The (frozen) set of glyph names that can't be derived algorithmically is
called "groff glyph list (GGL)".

   * A glyph for Unicode character U+XXXX[X[X]], which is not a
     composite character is named 'uXXXX[X[X]]'.  X must be an uppercase
     hexadecimal digit.  Examples: 'u1234', 'u008E', 'u12DB8'.  The
     largest Unicode value is 0x10FFFF. There must be at least four 'X'
     digits; if necessary, add leading zeroes (after the 'u').  No zero
     padding is allowed for character codes greater than 0xFFFF.
     Surrogates (i.e., Unicode values greater than 0xFFFF represented
     with character codes from the surrogate area U+D800-U+DFFF) are not
     allowed too.

   * A glyph representing more than a single input character is named

          'u' COMPONENT1 '_' COMPONENT2 '_' COMPONENT3 ...

     Example: 'u0045_0302_0301'.

     For simplicity, all Unicode characters that are composites must be
     decomposed maximally (this is normalization form D in the Unicode
     standard); for example, 'u00CA_0301' is not a valid glyph name
     since U+00CA (LATIN CAPITAL LETTER E WITH CIRCUMFLEX) can be
     further decomposed into U+0045 (LATIN CAPITAL LETTER E) and U+0302
     (COMBINING CIRCUMFLEX ACCENT).  'u0045_0302_0301' is thus the glyph
     name for U+1EBE, LATIN CAPITAL LETTER E WITH CIRCUMFLEX AND ACUTE.

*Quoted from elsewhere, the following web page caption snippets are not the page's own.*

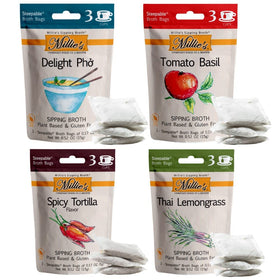 Millie's Sipping Broth ingredients close-up highlighting simple plant-based components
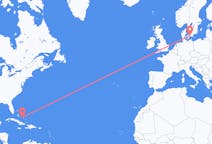 Flyreiser fra George Town, Bahamas til København, Danmark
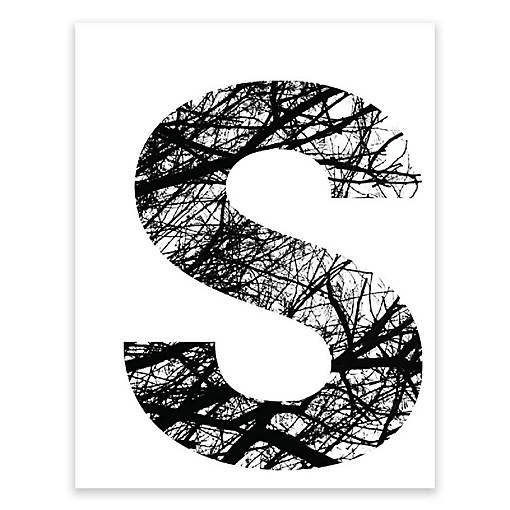 BW Tree Branches Letter S 8.5x11
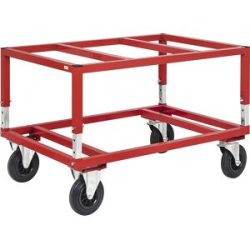 Paletten-Fahrgestell KM222, LxBxH 1200 x 800 x 655 - 830 mm, rot, 2 Lenkrollen mit Stopp, 2 Bockrollen, ab 5 Stk Kongamek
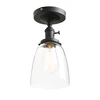 Retro Ceiling Light Fixtures with Clear Glass Shade Industrial Switch Pendant Lamp Bell Flush Mount Light E27 Sockets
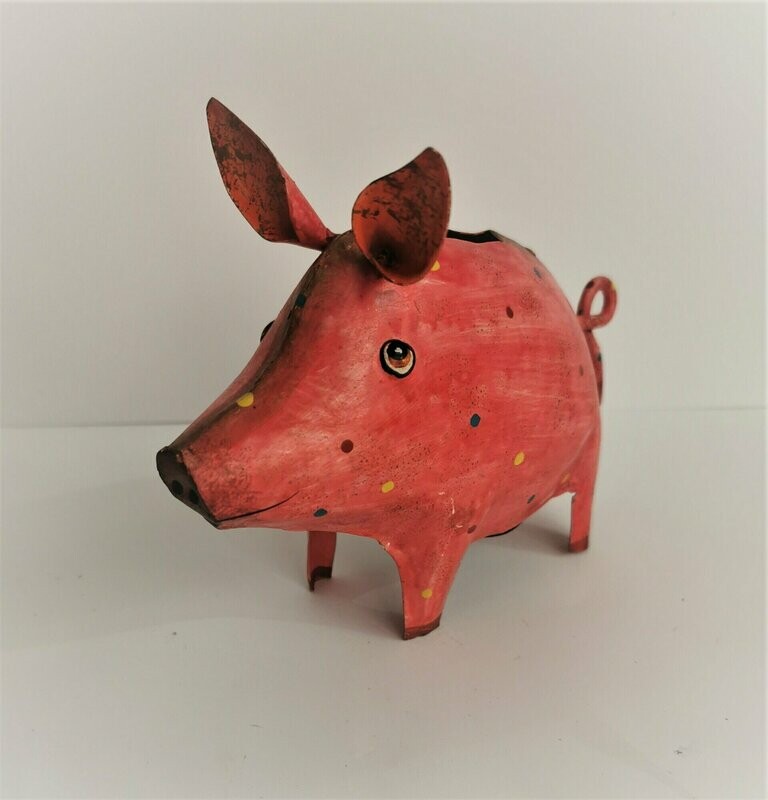 Sparschwein Mini, H13cm B6cm L17cm, Metall Sparschwein Mini, H13cm B6cm L17cm, Metall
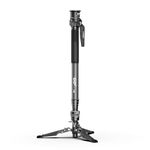 COMAN M1pro 65" Carbon Fiber Monopod for Camera, One-Click Lifting Quick Release Monopod with feet, Compact for Travel, Max Load 44lbs / 20kg for Camera, DSLR, Camcorder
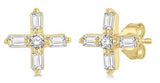 DIAMOND EARRINGS
Brand: ASHI DIAMONDS LLC.
10 Karat Yellow Gold 10 Diamonds=.10 Carat HI SI Petite Greek Cross Earrings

   * groff maintains a table to decompose all algorithmically derived
     glyph names that are composites itself.  For example, 'u0100'
     (LATIN LETTER A WITH MACRON) is automatically decomposed into
     'u0041_0304'.  Additionally, a glyph name of the GGL is preferred
     to an algorithmically derived glyph name; groff also automatically
     does the mapping.  Example: The glyph 'u0045_0302' is mapped to
     '^E'.

   * glyph names of the GGL can't be used in composite glyph names; for
     example, '^E_u0301' is invalid.

 -- Escape: \(nm
 -- Escape: \[name]
 -- Escape: \[component1 component2 ...]
     Insert a symbol NAME (two-character name NM) or a composite glyph
     with component glyphs COMPONENT1, COMPONENT2, ...  There is no
     special syntax for one-character names - the natural form '\N'
     would collide with escapes.(1)  (*note Using Symbols-Footnote-1::)

     If NAME is undefined, a warning of type 'char' is generated, and
     the escape is ignored.  *Note Debugging::, for information about
     warnings.

     groff resolves '\[...]' with more than a single component as
     follows:

        * Any component that is found in the GGL is converted to the
          'uXXXX' form.

        * Any component 'uXXXX' that is found in the list of
          decomposable glyphs is decomposed.

        * The resulting elements are then concatenated with '_' in
          between, dropping the leading 'u' in all elements but the
          first.

     No check for the existence of any component (similar to 'tr'
     request) is done.

     Examples:

     '\[A ho]'
          'A' maps to 'u0041', 'ho' maps to 'u02DB', thus the final
          glyph name would be 'u0041_02DB'.  Note this is not the
          expected result: The ogonek glyph 'ho' is a spacing ogonek,
          but for a proper composite a non-spacing ogonek (U+0328) is
          necessary.  Looking into the file 'composite.tmac' one can
          find '.composite ho u0328', which changes the mapping of 'ho'
          while a composite glyph name is constructed, causing the final
          glyph name to be 'u0041_0328'.

     '\[^E u0301]'
     '\[^E aa]'
     '\[E a^ aa]'
     '\[E ^ ']'
          '^E' maps to 'u0045_0302', thus the final glyph name is
          'u0045_0302_0301' in all forms (assuming proper calls of the
          'composite' request).

     It is not possible to define glyphs with names like 'A ho' within a
     groff font file.  This is not really a limitation; instead, you
     have to define 'u0041_0328'.

 -- Escape: \C'xxx'
     Typeset the glyph named XXX.(2)  (*note Using Symbols-Footnote-2::)
     Normally it is more convenient to use '\[XXX]', but '\C' has the
     advantage that it is compatible with newer versions of AT&T 'troff'
     and is available in compatibility mode.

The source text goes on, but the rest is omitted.